One way in which I like to push myself to grow and make the most of these sessions is allowing and encouraging my students, especially the older ones, to take the helm. They have the responsibility to select and bring relevant material from their courses, and are encouraged to evaluate their own progress by identifying their own strengths and weaknesses, which determine the main focus of each session. Most of my decision-making while preparing for and conducting these sessions is led by what help I think I would have liked to have received when I was in their shoes. The memories of those relentless avalanches of impending deadlines, the feeling of the panic setting in at the crack of dawn on the day of an exam, and the absolute chokehold that the reveal of a rank or mark had on me, are not just fresh, but also still in the making. I am painfully familiar with the highly physically and emotionally demanding nature of the academic world, so the last thing I want to achieve with these sessions is to bombard these students with another mountain of mindless work.

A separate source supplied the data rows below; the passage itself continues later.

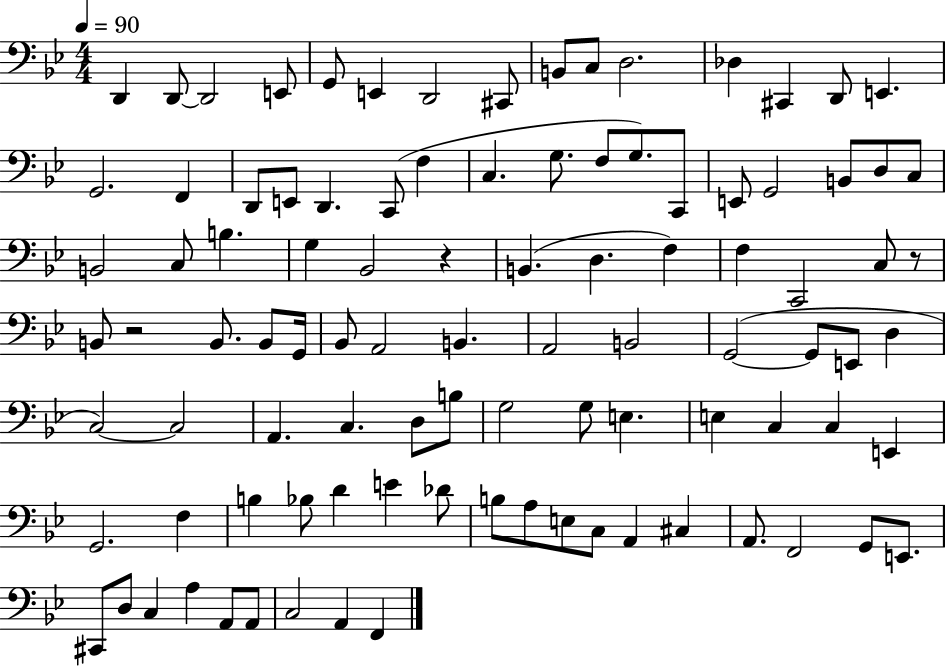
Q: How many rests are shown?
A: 3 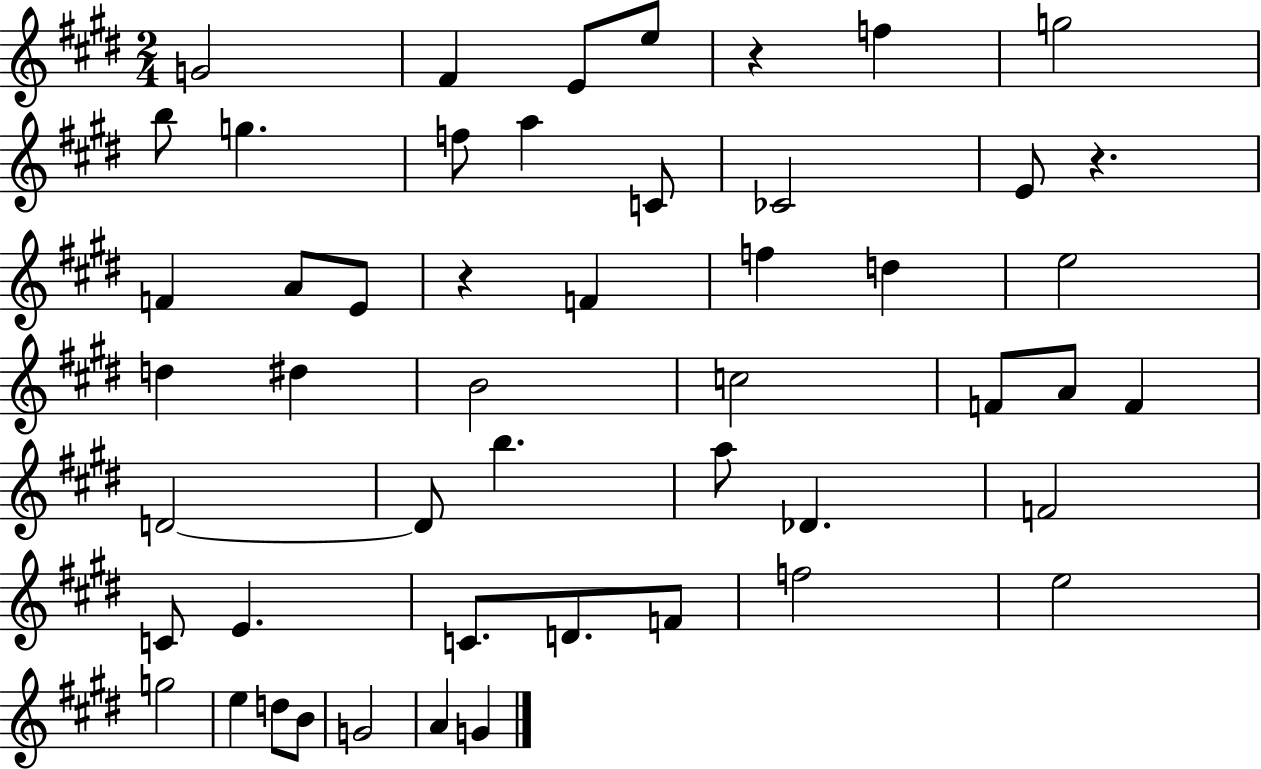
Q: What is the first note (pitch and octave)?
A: G4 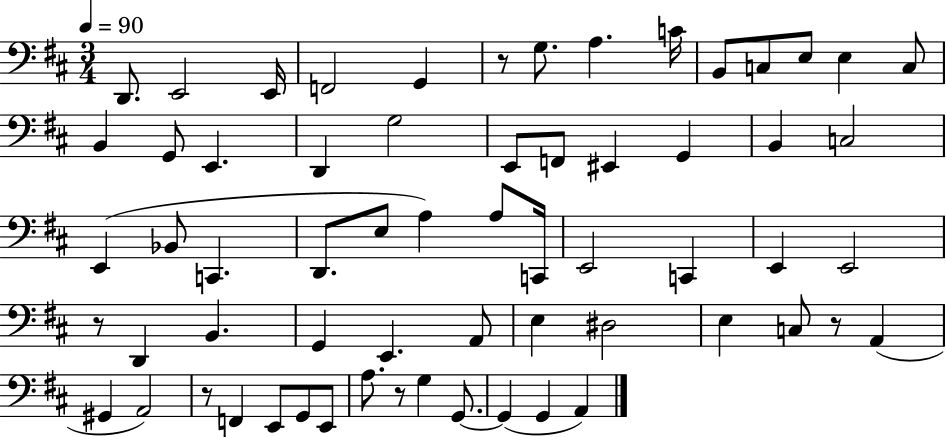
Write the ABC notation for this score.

X:1
T:Untitled
M:3/4
L:1/4
K:D
D,,/2 E,,2 E,,/4 F,,2 G,, z/2 G,/2 A, C/4 B,,/2 C,/2 E,/2 E, C,/2 B,, G,,/2 E,, D,, G,2 E,,/2 F,,/2 ^E,, G,, B,, C,2 E,, _B,,/2 C,, D,,/2 E,/2 A, A,/2 C,,/4 E,,2 C,, E,, E,,2 z/2 D,, B,, G,, E,, A,,/2 E, ^D,2 E, C,/2 z/2 A,, ^G,, A,,2 z/2 F,, E,,/2 G,,/2 E,,/2 A,/2 z/2 G, G,,/2 G,, G,, A,,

This is an underlying principle behind how I ensure that the sessions and the homework focus on boosting the students’ confidence , getting things done, and equipping them with the appropriate tools so that I can rest assured that they can independently meet their learning goals by themselves.

I am endlessly grateful for this opportunity to assist other young people in their academic journeys, while introspecting and examining how I can use these practises of sympathy, communication and adaptiveness across different contexts in my own life.